I woke the next morning thinking of a black woolen sweater, of an offer, a calm. On the flap of a novel I’d jotted her number. My arm reached out for the phone.
Ah, last night, you may not remember—
Waiting for this relative stranger in an unfamiliar city I questioned my choice, stood like a post among mid-sized people flowing about. My hotel, edged in sun, was a white wedge, as if the Flatiron building in Manhattan were older, shorter, and French. I looked to the tall double windows of room 402 where my manuscript waited on a bowlegged table. Four hundred pages hollered to be trimmed to three sixty or so. The bulleted suggestions were less subtle than crude. I had been considering omitting an intimate scene. Lisa, nude in the quiet light coming through the curtains of a motel room. Lisa, softly giving advice. A car door opened and Vanda rose up. I’d grown callous to partings, with so many “projects” where you close shop and shove on. But I was surprised at this tiny reunion, that no more than a presence the previous evening felt stirring. Still, when I got in her car something sealed up. So…
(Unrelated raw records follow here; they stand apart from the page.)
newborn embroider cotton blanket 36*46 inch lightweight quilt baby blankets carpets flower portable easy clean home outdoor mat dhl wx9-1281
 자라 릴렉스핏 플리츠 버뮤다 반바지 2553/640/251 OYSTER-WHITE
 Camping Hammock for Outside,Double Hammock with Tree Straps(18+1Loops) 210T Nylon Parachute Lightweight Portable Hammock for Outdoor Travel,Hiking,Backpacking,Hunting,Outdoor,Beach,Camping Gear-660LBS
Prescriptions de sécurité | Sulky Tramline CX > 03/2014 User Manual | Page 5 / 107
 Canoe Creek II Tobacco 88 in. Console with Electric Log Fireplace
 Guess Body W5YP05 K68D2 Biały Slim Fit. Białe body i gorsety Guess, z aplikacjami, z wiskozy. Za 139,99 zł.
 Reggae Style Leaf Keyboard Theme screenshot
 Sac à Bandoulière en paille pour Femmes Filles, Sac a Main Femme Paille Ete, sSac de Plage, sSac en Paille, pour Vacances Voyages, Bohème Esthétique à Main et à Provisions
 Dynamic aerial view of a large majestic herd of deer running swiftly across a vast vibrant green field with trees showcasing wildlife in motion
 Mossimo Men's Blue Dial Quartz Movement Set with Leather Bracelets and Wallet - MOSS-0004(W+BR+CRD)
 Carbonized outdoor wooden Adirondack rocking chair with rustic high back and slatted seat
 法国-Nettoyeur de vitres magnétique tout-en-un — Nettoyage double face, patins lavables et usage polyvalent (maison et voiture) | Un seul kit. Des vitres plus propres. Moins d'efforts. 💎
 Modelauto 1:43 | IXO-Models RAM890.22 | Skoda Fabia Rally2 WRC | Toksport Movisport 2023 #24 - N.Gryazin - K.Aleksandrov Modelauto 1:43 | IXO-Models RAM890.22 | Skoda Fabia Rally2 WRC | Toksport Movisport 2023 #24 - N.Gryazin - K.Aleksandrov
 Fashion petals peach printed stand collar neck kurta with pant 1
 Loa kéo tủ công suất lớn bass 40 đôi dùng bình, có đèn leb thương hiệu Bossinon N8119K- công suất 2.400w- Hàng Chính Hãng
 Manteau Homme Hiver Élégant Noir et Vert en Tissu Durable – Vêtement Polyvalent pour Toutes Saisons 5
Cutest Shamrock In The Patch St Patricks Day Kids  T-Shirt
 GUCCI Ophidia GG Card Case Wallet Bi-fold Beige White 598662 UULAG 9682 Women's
The Doors played as she drove, asked where I was from. It seemed a strange thing to explain: Denver, Sioux City, Casper, Seattle, Portland, Charleston, New York. I noticed her way of driving, relaxed yet too fast, a liquid indifference to the crisscross of traffic. I had heard that an unceasing forward motion through ones’ personal history could mean you never stop to smell the flowers, and I had been told more than once to ease up, but Vanda’s lax driving sent my hand to the dash. We swung wide around the city on a two lane highway. The mass of a semi truck rolling at us shook the car as it passed. My heart lifted as I sieved air though teeth. No, I would not let execs dictate that Lisa shake ass on a bar. Lisa was not a shake-ass person, at least not the bump-and-grind variety the suggestion advanced. Dean Stockton, Lee Quadras, Troy Evans, wore western shirts, sure, but they varied in sensibility, in mental stability, in humor, often returning to family without prize money, the rodeo mystique wearing thin. They were not rouge-cheeked hee-haw representations served up on a platter. I’d tell Jack right now—watch out. An orange plastic traffic cone was acknowledged by Vanda as I rapidly patted my pockets. My cell phone was gone, back at the hotel, where I should be now. We lurched onto an off-ramp and my foot felt about for the missing rung in a ladder. It’s okay, Vanda said, looking ahead, and when we arrived at the restaurant—It’s just a little slice on life, I heard her say—my reserve, the charming distance I struck, encased me. An hour, no more. It is important to set your own course.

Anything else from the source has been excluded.